Friday, July 18, 2014

Reared in Safety and Security - Why Now So Fearful?

A good many Americans have been reared in safety and security.

But for reasons beyond my grasp, a huge industry has grown up in the land promoting fear - everything from the "fear of the stranger" to "home-invasions," the fear of which far exceeds what the stats might support.

From the constant parade of murder and mayhem on the local news to politicians who can see a terrorist under every bed, we're inundated with the words of fear.

It's making a lot of us desperate, and angry ... because fear, if sustained, becomes anger.

Fearful of so many things: terrorism, criminals, Muslims, "illegal" immigrants, anger is growing among certain segments of the population, and that's the stuff of fascism. Sustained fear and then anger weakens moral and spiritual sensibilities, reduces our capacity for compassion and kindness and stilts our vision of the world. Sooner or later, most everyone and everything becomes a threat. The ability to distinguish between reality and imagination is lost. And, makes one a consumer of "safety-devices" - everything from home security systems to white-supremacy movements.

In such a state of mind, we either move toward a highly defensive posture, a state of high-alert that saps our energy and deranges us ... or we grow up, shall I say, and take an honest assessment of our situation and ask the question: Just how safe, or not, am I?

And for those who Christians, it might well be helpful to remember what the angels frequently say: "Fear not!"

Fear, in and of itself, has some helpful dimensions - like, fight or flight, but there are other options, too.

Like the firefighters who are really afraid, but neither fight nor flee ... but run toward the conflagration in order to help others.

Jesus faced down his fears and eschewed anger, and went to Jerusalem in spite of Peter's advice to stay away from this hotbed of intrigue and danger.

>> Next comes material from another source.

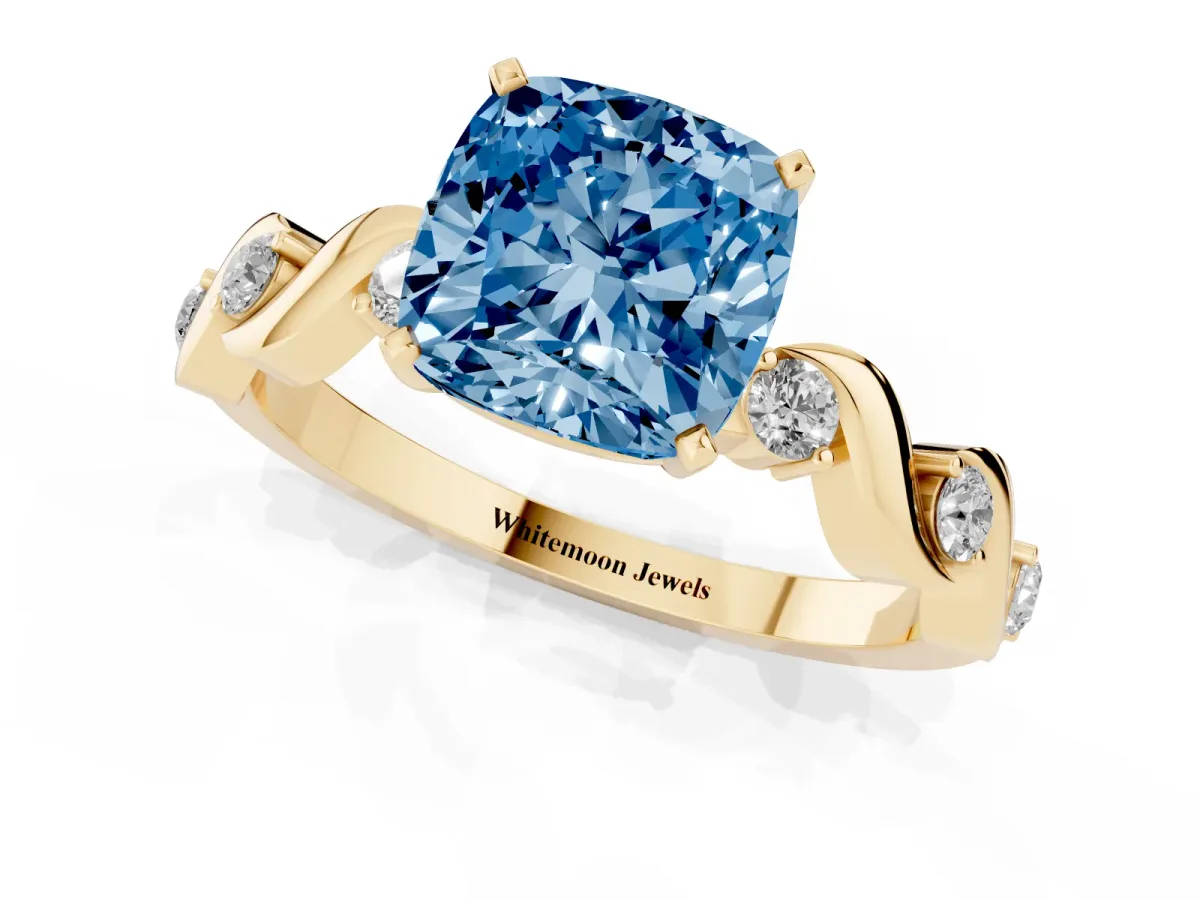 Fancy Blue Cushion Cut Diamond Solitaire Twisted Band with Round Accents and Prong Setting Yellow gold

Fight is certainly what many of us are choosing, turning mind and home into an "armed fortress."

Flight is a huge spiritual option for many - sort of like Medieval theologians debating how many angels can dance on the head of a pin while ignoring the hell in which most of the serfs lived.

But the third option: running toward the conflagration, and doing so with a certain amount of trust in the love of God and a sense of reality - that it may end badly if I go there, but I'll not run away, nor will I engage in needless conflict with adversaries.

Because a frightened, angry, person, is not likely to be of much help or hope to anyone.

Indeed, Jesus heals the blind and and comforts the afflicted. Here's where he's needed - people desperate for help and hope. And when challenged by his enemies, chooses non-engagement.

Those who follow Jesus (unlike Peter who didn't want to face the possibility of his own death when Jesus proclaims his own death) will move toward the conflagration with caution, of course, but with a determination to pay whatever the price might be for love, which, after all, casts out all forms of fear (1 John 4.18).